◆ Material to process ◆
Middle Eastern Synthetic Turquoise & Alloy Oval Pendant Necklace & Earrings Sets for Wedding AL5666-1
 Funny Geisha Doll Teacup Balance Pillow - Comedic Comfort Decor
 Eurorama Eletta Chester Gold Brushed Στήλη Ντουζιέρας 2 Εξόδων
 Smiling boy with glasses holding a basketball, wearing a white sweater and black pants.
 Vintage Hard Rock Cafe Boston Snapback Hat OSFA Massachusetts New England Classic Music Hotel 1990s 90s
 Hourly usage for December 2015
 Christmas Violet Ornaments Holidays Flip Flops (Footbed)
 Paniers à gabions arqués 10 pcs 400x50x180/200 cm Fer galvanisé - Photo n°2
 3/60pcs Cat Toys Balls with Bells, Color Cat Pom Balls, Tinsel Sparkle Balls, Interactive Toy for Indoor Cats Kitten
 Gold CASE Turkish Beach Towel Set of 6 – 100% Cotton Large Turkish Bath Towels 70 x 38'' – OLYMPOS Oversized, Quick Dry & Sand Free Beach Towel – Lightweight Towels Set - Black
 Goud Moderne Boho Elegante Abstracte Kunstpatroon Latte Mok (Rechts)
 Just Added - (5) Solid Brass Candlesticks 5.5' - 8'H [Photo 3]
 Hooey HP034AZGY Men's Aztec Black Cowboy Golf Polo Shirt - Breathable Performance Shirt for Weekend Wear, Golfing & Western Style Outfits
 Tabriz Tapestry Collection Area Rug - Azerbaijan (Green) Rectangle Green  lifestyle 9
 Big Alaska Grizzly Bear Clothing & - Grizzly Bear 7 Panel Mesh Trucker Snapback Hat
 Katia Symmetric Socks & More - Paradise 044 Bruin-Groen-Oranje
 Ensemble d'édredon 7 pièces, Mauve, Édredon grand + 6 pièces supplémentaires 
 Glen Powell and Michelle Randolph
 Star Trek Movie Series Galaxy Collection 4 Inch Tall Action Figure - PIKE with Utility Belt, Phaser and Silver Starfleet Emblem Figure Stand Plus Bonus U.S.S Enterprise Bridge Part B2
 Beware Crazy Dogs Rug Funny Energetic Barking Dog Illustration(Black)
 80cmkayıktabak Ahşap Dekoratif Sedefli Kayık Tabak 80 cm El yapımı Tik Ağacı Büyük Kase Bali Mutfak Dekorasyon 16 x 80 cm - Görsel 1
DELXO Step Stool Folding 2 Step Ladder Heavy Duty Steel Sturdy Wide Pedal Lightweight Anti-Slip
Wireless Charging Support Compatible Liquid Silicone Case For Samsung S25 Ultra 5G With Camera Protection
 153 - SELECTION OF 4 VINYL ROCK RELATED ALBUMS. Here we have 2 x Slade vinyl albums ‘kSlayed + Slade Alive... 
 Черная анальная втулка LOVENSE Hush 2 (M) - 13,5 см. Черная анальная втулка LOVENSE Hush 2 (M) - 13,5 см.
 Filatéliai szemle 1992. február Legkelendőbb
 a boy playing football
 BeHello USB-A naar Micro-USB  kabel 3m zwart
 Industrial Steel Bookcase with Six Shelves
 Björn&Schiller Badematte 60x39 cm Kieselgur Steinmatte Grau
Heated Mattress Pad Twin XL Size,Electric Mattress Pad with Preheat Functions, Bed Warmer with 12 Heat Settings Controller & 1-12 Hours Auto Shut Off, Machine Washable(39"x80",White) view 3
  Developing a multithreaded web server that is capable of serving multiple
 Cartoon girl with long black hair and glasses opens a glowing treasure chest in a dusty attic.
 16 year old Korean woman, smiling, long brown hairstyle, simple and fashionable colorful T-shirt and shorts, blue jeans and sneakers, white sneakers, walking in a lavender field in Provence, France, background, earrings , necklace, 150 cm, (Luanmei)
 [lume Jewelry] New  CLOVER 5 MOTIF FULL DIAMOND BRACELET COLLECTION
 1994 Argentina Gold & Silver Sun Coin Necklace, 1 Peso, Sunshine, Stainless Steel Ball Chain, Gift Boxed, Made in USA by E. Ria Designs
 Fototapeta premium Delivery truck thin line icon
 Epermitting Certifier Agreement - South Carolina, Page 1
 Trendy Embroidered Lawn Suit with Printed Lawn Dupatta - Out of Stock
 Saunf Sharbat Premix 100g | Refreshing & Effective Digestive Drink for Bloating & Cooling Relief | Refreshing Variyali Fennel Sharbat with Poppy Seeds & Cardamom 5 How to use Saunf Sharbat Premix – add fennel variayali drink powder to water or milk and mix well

◆ Requirement ◆
Copy all lines of the material above where the string "glasses" occurs.

◆ Result ◆
 Smiling boy with glasses holding a basketball, wearing a white sweater and black pants.
 Cartoon girl with long black hair and glasses opens a glowing treasure chest in a dusty attic.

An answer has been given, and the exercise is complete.